Jan. 31, 2003 -- It's not just fast-food chains that supersize servings for an already XL-sized nation. Other restaurants and food manufacturers also have it their way -- and are providing heftier-than-ever portions that exceed federal standards, as well as their own.
Editor's Note: Food Pyramid Replaced
In June 2011, the USDA replaced the food pyramid with a new plate icon.
Typical marketplace portions for many popular foods, snacks, and beverages now exceed federal recommended standards by as much as eight times, shows a study in the February issue of the Journal of the American Dietetic Association. What's more, these items are now typically manufactured in sizes up to five times bigger than when they were originally introduced.
For instance, today's typical bagel from a bagel shop is up to five times larger and has more calories than those originally introduced to the U.S. by Jewish émigrés. And it comprises up to six complete servings of the USDA Food Pyramid -- the entire minimum daily requirement in the bread/cereal/pasta category.
Meanwhile, the Hershey bar debuted in 1908 at 0.6 ounces; today, its smallest "single" bar size is twice as big, and it also comes in sizes up to eight times as large -- and that's outside of a movie theater. A bottle of Budweiser beer was seven ounces in 1976, but is now available in a bottle six times as large. And fast food restaurants? Their original sizes for burgers and drinks in the 1950s are lucky to be the "kiddie" offerings at some chains, joining revised and other products that are up to six times as large.
New York University nutritionists evaluated as many as 39 samples of nearly two dozen popular items.

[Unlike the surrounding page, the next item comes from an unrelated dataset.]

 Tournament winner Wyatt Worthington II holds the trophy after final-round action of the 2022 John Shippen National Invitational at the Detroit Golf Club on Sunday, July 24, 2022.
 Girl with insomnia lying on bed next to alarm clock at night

With the exception of one -- sliced white bread -- the typical marketplace portion size of every item studied was at least twice as much as the USDA portion standard for it.

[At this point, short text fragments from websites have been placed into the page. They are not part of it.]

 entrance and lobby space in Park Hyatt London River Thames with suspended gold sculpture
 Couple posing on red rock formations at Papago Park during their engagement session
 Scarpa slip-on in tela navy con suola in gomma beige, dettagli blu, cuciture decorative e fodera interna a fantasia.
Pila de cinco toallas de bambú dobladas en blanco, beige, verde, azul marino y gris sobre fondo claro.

"We selected the items on the basis of their popularity, and because they are among the biggest contributors of calories in the American diet -- although not necessarily the most fattening," says lead researcher Lisa R. Young, PhD, RD. "Based on this finding, I'd say that people need to start paying attention not to just what they eat, but also how much of it they eat."
But apparently, we can't get enough of these hefty helpings, which may explain why most Americans are consuming about 200 more calories each day than just a decade ago. In the average woman, 200 more daily calories than her body needs could lead to more than a pound of weight gain each month.
Just two months ago, Penn State scientists reported in the American Journal of Clinical Nutritionthat most of the 51 normal and overweight people they studied couldn't judge an "appropriate" portion and continued to eat when given more food on their plate.